• WHAT YOU SHOULD DO: Exact transcript, pictures excluded: write out every record below.

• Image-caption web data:
┄┄┄┄┄┄┄┄┄┄

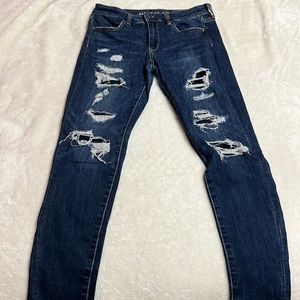 american eagle blue ripped jean jegging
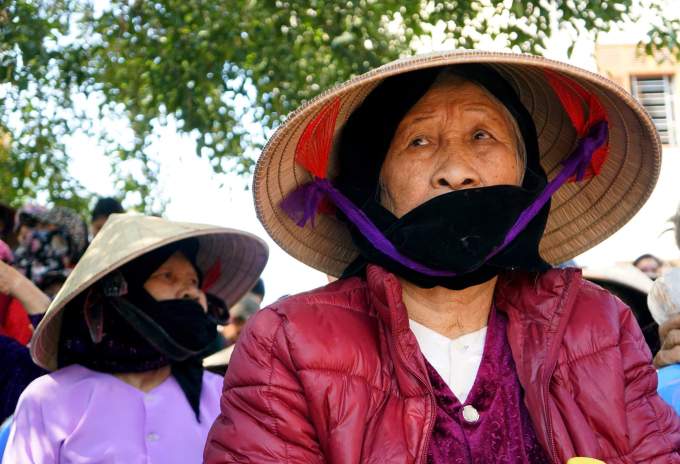 Nhiều người lớn tuổi ở vùng Tổng Phục vẫn giữ truyền thống mang khăn che mặt khi ra ngoài. Ảnh: Lưu Quang Phổ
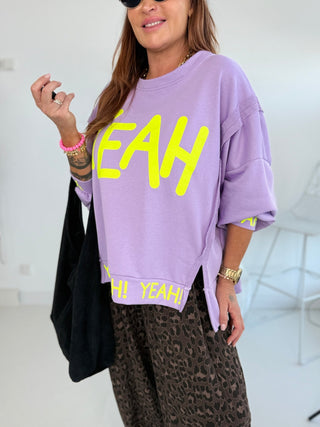 Sweater in Lila mit 'Yeah' Print in Neongelb vorne in Einheitsgröße für Damen - Levelone GmbH & Co. KG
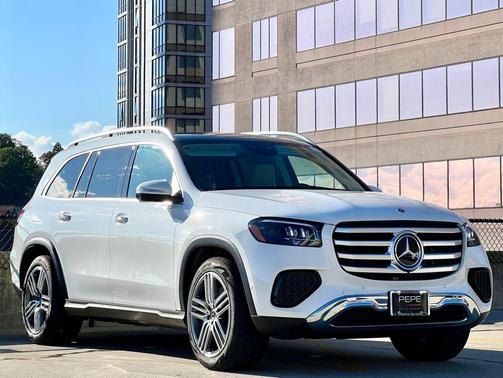 2025 Mercedes-Benz GLS 450 4MATIC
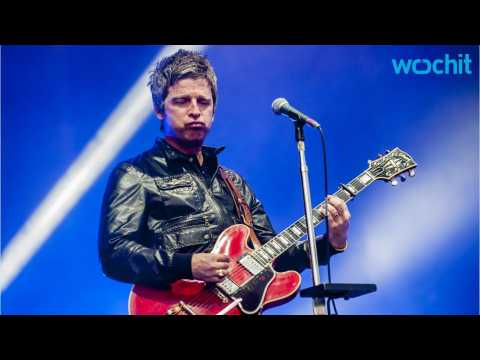 VIDEO : Noel Gallagher Trashes One Direction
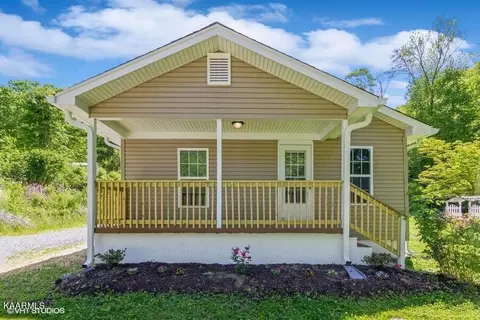 571 Half Moon Rd, Oliver Springs, TN 37840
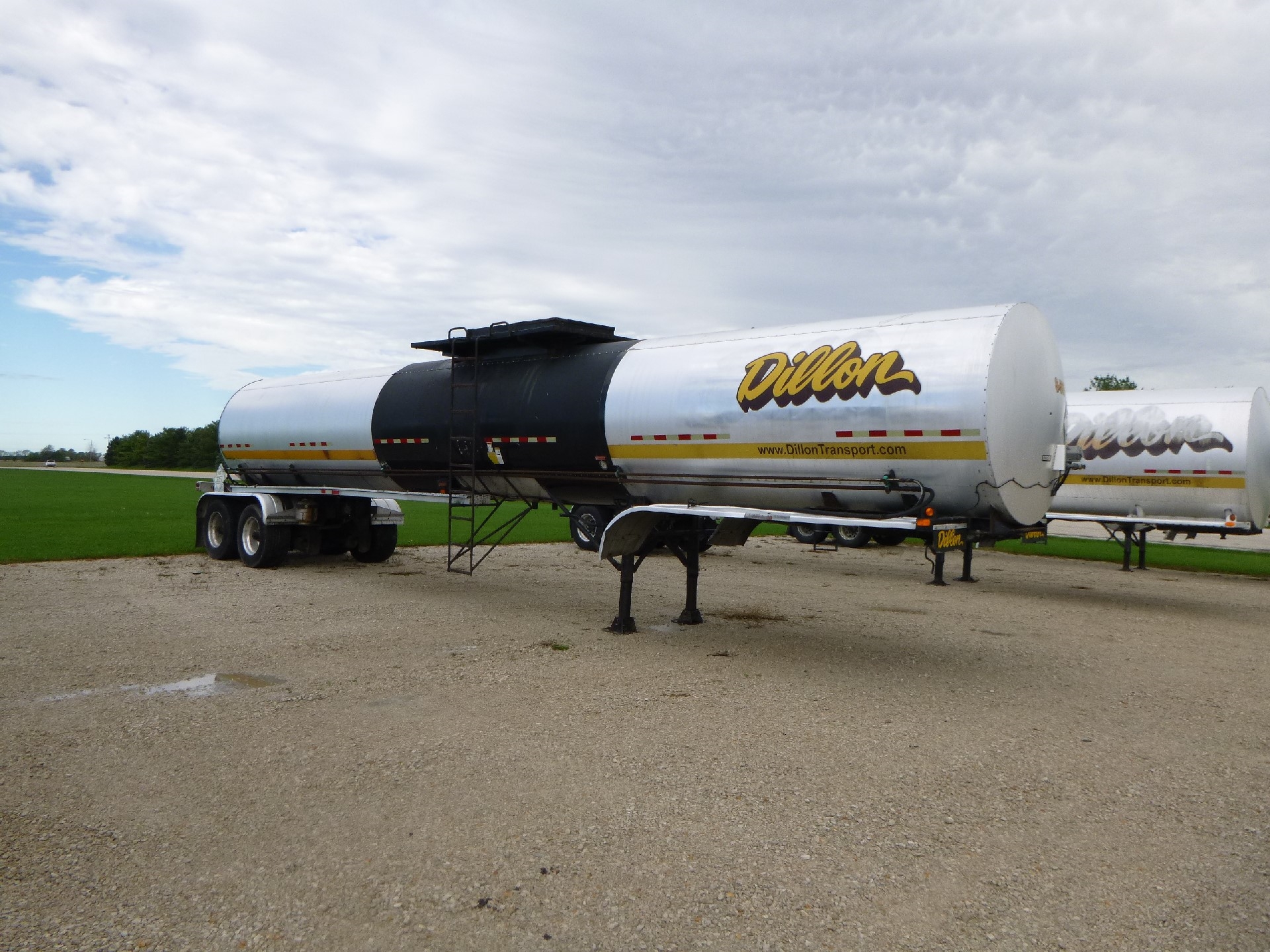 2008 Etnyre ARA Asphalt Tank Trailer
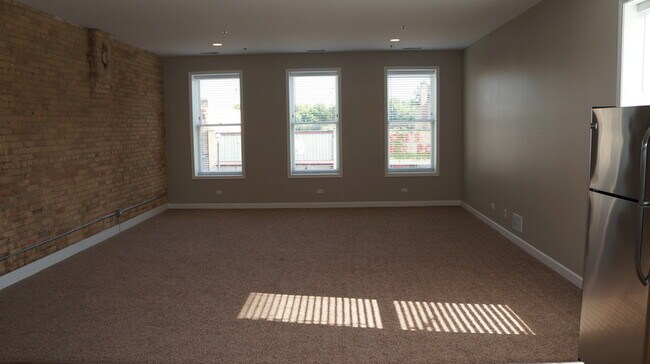 Building Photo - 109 W Main St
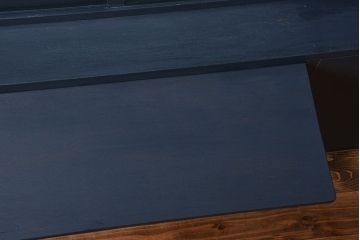 レトロ家具　アンティーク　レトロなペイントカップボード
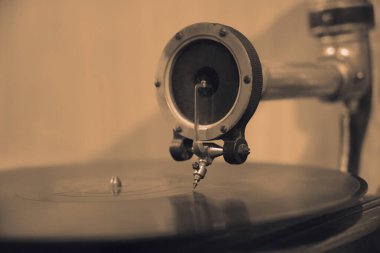 gramofon ve plakçalar. Görüntüyü kapat. Retro vinil çalar. Tabağında boynuz hoparlörü olan eski gramofon.
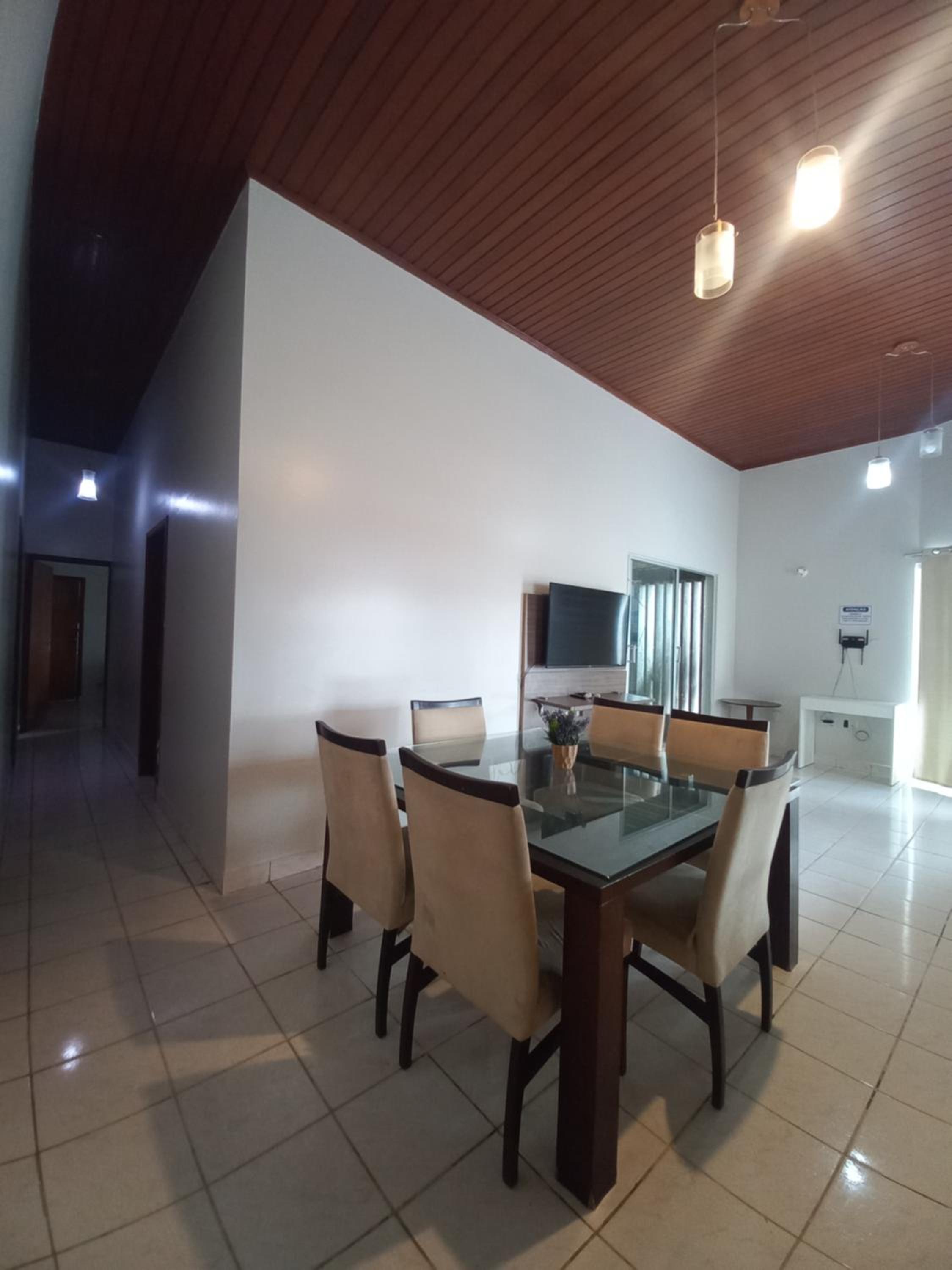 CASA COM PISCINA EM ÁREA NOBRE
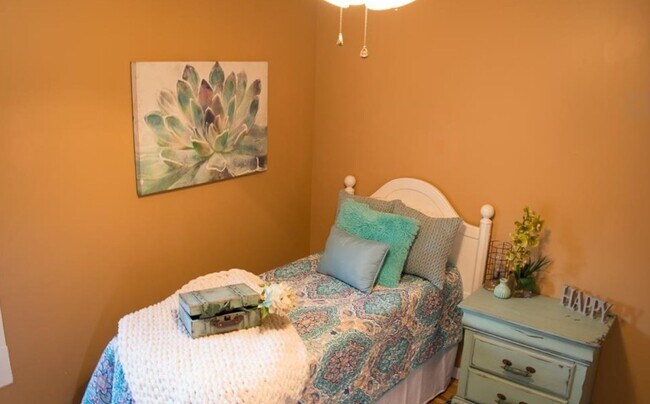 Building Photo - 5 bedroom, 2 bath house - Available for the 2026/2027 lease term!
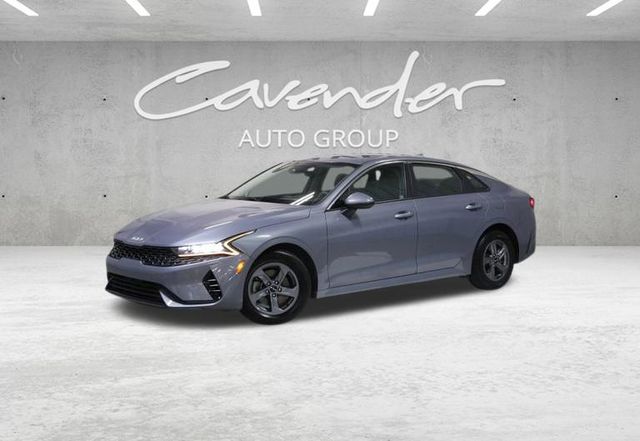 2022 Kia K5 LX's photo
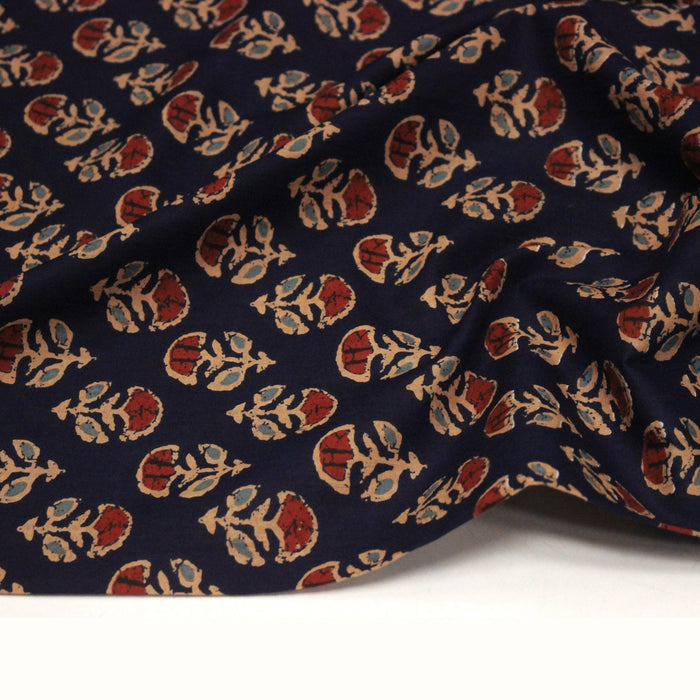 Tissu coton fin imprimé INDIENNES, marine aux fleurs traditionnelles rouge ocre et bleu - STANDARD 100 OEKO - TEX - TissusPapi.com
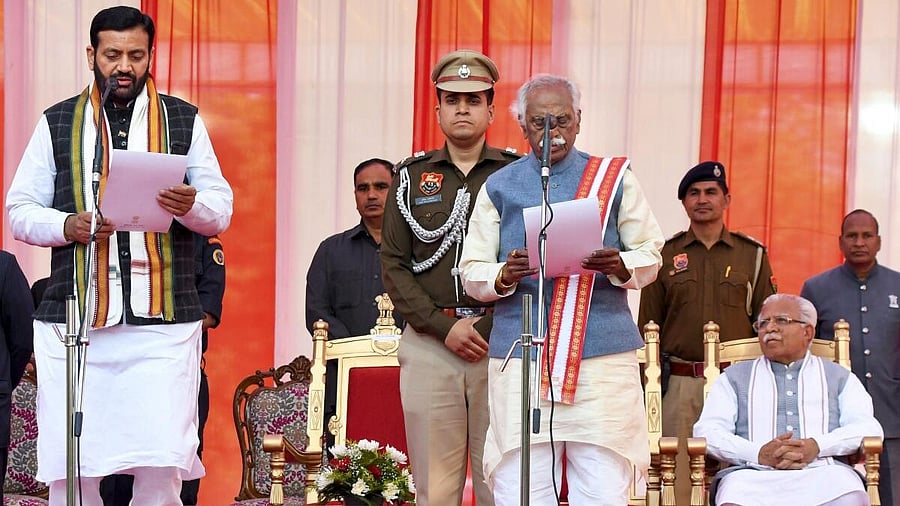 <div class="paragraphs"><p>Haryana Governor Bandaru Dattatreya administers the oath to Nayab Singh Saini as chief minister of the state.</p></div>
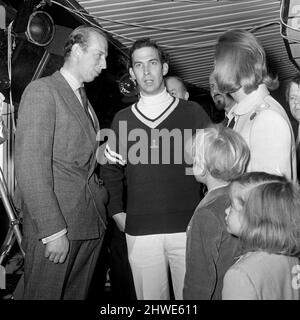 Prinz Michael von Kent (Mitte) nimmt am Daily Mail Trans-Atlantic Air Race Teil. Zu ihm kommen sein Bruder Prinz Edward, Herzog von Kent, und seine Frau Katharine und ihre Kinder Helen und George Windsor am GPO Tower. 11. Mai 1969. Stockfoto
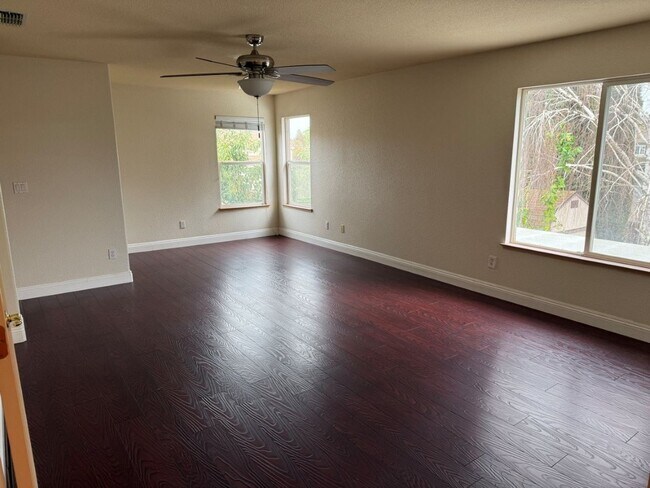 Building Photo - Modern 4 Bedroom w/ Loft Stonegate Area Vacaville *Star Rentals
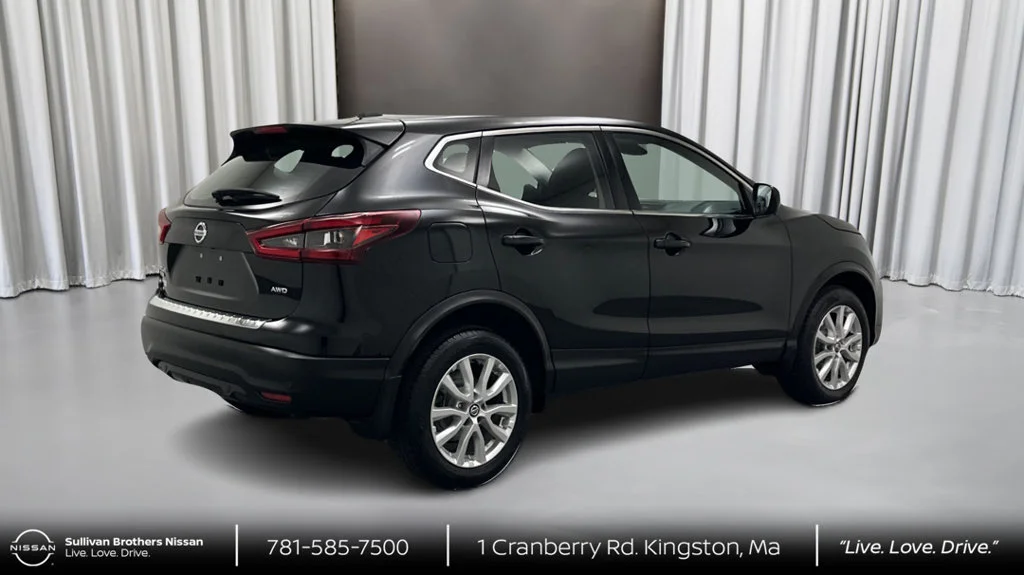 Used 2022 Black Nissan S image 5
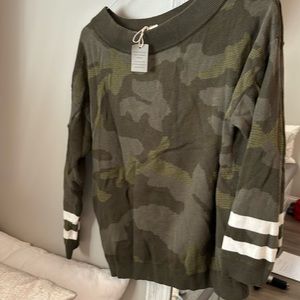 Large hem and thread camo hoodie new w tags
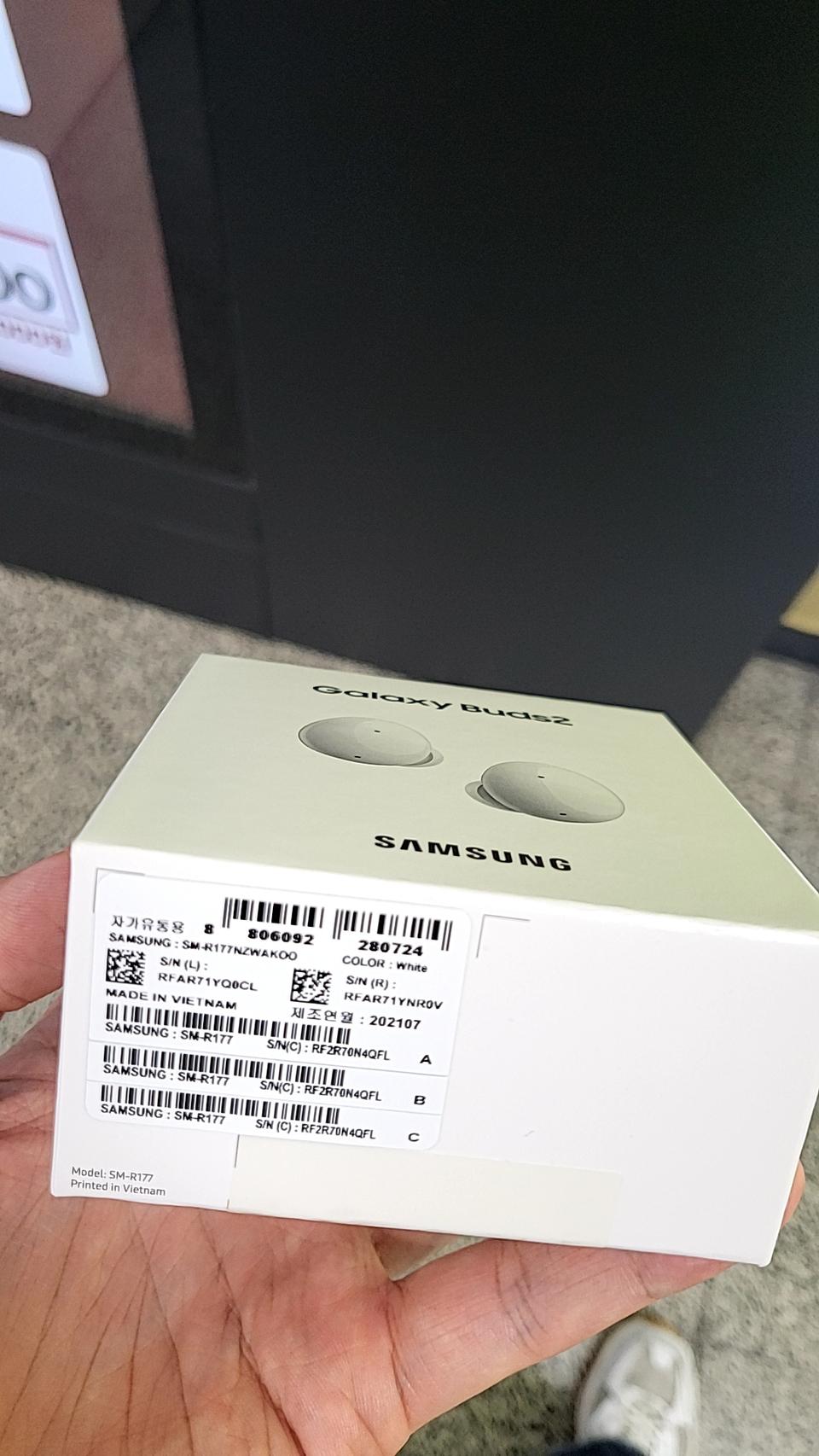 버즈2 화이트 10.5만원(미개봉 새상품 택포)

┄┄┄┄┄┄┄┄┄┄

• WORKED SOLUTION:
 american eagle blue ripped jean jegging
 Nhiều người lớn tuổi ở vùng Tổng Phục vẫn giữ truyền thống mang khăn che mặt khi ra ngoài. Ảnh: Lưu Quang Phổ
 Sweater in Lila mit 'Yeah' Print in Neongelb vorne in Einheitsgröße für Damen - Levelone GmbH & Co. KG
 2025 Mercedes-Benz GLS 450 4MATIC
 VIDEO : Noel Gallagher Trashes One Direction
 571 Half Moon Rd, Oliver Springs, TN 37840
 2008 Etnyre ARA Asphalt Tank Trailer
 Building Photo - 109 W Main St
 レトロ家具　アンティーク　レトロなペイントカップボード
 gramofon ve plakçalar. Görüntüyü kapat. Retro vinil çalar. Tabağında boynuz hoparlörü olan eski gramofon.
 CASA COM PISCINA EM ÁREA NOBRE
 Building Photo - 5 bedroom, 2 bath house - Available for the 2026/2027 lease term!
 2022 Kia K5 LX's photo
 Tissu coton fin imprimé INDIENNES, marine aux fleurs traditionnelles rouge ocre et bleu - STANDARD 100 OEKO - TEX - TissusPapi.com
 <div class="paragraphs"><p>Haryana Governor Bandaru Dattatreya administers the oath to Nayab Singh Saini as chief minister of the state.</p></div>
 Prinz Michael von Kent (Mitte) nimmt am Daily Mail Trans-Atlantic Air Race Teil. Zu ihm kommen sein Bruder Prinz Edward, Herzog von Kent, und seine Frau Katharine und ihre Kinder Helen und George Windsor am GPO Tower. 11. Mai 1969. Stockfoto
 Building Photo - Modern 4 Bedroom w/ Loft Stonegate Area Vacaville *Star Rentals
 Used 2022 Black Nissan S image 5
 Large hem and thread camo hoodie new w tags
 버즈2 화이트 10.5만원(미개봉 새상품 택포)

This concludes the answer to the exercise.